Home > Other > Midnight Special > Page 8
Midnight Special Page 8

by Phoef Sutton


  He’d seen no sign of decay or putrefaction in any of them, but they had come in so fast and they had so many neck tattoos that he couldn’t be sure. Most of them looked rather pale and sickly, but Barnabas assured Matt that was because they spent hours in front of video monitors, watching old movies and playing video games.

  Barnabas greeted them in the lobby with a box that he made them drop their cell phones and iPads into. No phone calls or texting in the New Fairfax. After the Rialto incident, everyone laughed and obliged. If Barnabas had asked for their underwear, they’d probably have given that up too.

  These patrons were, according to Barnabas, the voice of the future. The New Cinema. All were coming to pay homage to Barnabas Yancey and to Dinner at the Brooklyn Morgue. So once they were settled and the picture started to roll, they laughed at all the horrific parts of the film they were supposed to scream at and they talked through the rest, commenting, wisecracking, and acting generally superior to a movie they professed to admire. Matt didn’t understand it at all.

  He opened the lobby doors and looked out onto the street. He figured four people could walk abreast through these double doors. There must have been close to fifty people in the theater. How could he get them all out in an emergency?

  Fortunately the balcony was closed, but still…

  He checked behind the concession stand. The Staff was there, waiting. He thought, for the hundredth time, what an ill-conceived plan this was.

  Poking his head back in the house, he caught a glimpse of Barnabas standing by the screen giving him the “all clear” sign. It was a quarter after midnight and nothing had happened yet.

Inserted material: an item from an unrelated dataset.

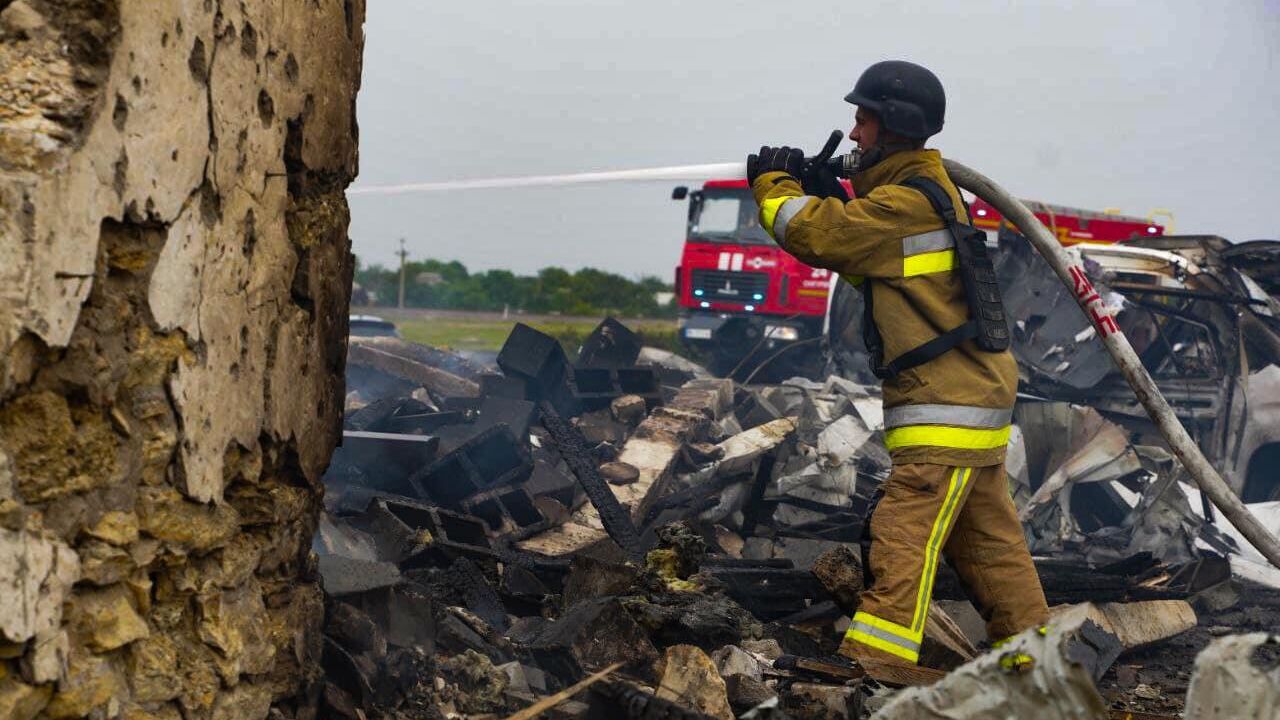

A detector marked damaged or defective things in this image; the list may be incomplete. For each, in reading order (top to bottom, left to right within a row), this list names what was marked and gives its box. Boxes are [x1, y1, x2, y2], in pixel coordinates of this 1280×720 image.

  Matt glanced at the screen. Italy was doing a pretty piss-poor job of doubling for New York now. What was supposed to be Greenwich Village looked an awful lot like Rome.

  A jump cut and now they were in LA, but it was supposed to be Brooklyn. The film was obviously cobbled together from bits and pieces of half-made projects, all done on a shoestring in many locations around the world and then put through a Cuisinart and called a movie. There was something endearing about it, in spite of all that, or maybe because of all that. Something about the sheer effort that went into making the picture made you root for it to succeed. Matt supposed that was one of the things Barnabas loved about this kind of cinema. The people making it didn’t have the advantages of the motion-picture-making machine behind them. They were like salmon swimming upstream, fighting all the forces of nature that tried to stop them from making some movie, any movie. And somehow they got it done.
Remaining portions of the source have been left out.